# Material provided
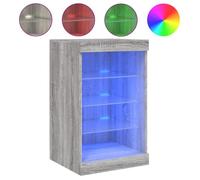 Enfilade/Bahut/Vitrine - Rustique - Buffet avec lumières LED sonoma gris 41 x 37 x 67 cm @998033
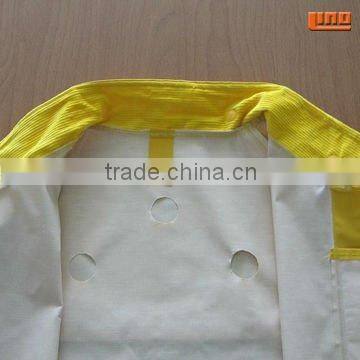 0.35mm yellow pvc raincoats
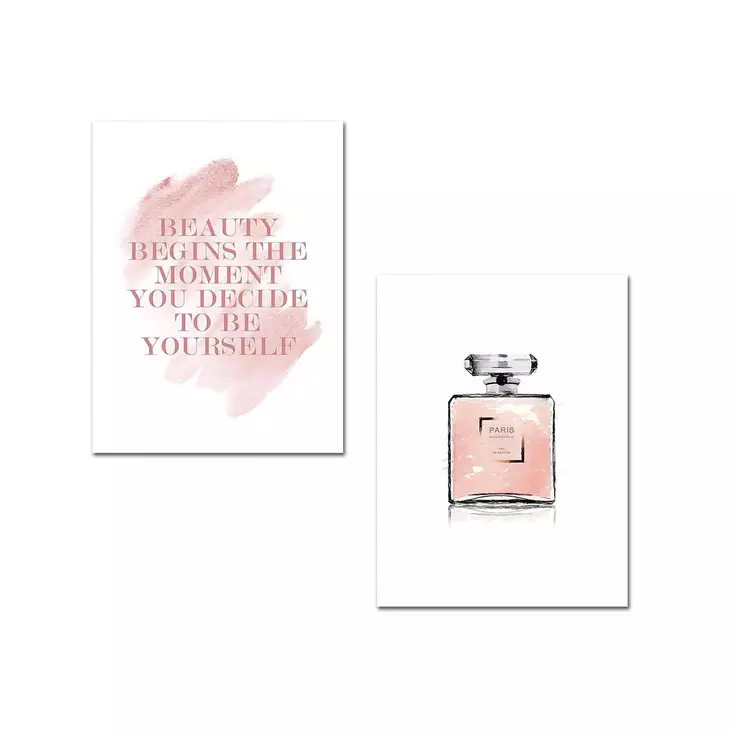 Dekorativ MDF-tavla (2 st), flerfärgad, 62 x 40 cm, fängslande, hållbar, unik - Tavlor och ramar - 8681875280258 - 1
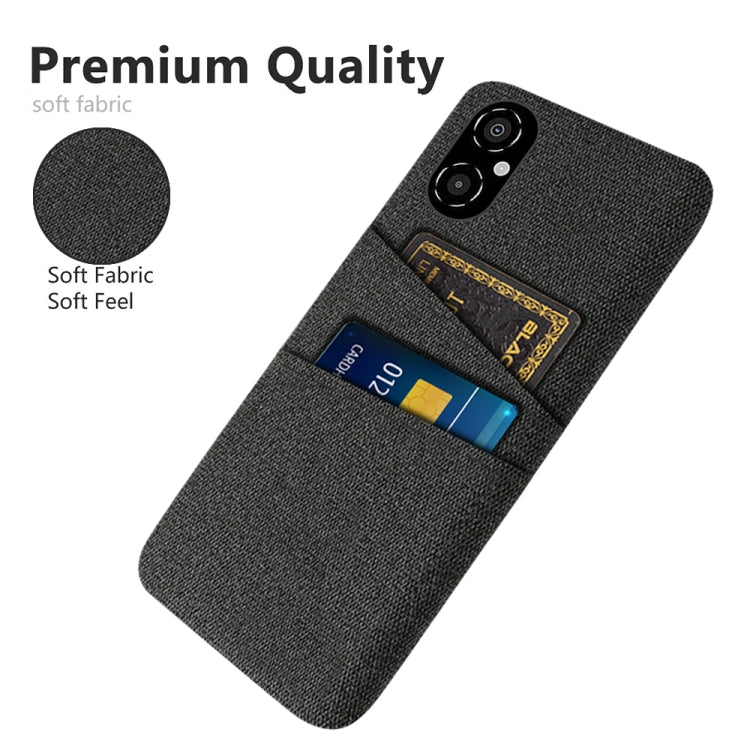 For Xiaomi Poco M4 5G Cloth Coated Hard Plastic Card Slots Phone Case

# Exercise
Starting at the line that contains "Dekorativ MDF-tavla (2", extract each line through the last line of the material exactly as written, and include no pictures.

# Exercise answer
 Dekorativ MDF-tavla (2 st), flerfärgad, 62 x 40 cm, fängslande, hållbar, unik - Tavlor och ramar - 8681875280258 - 1
 For Xiaomi Poco M4 5G Cloth Coated Hard Plastic Card Slots Phone Case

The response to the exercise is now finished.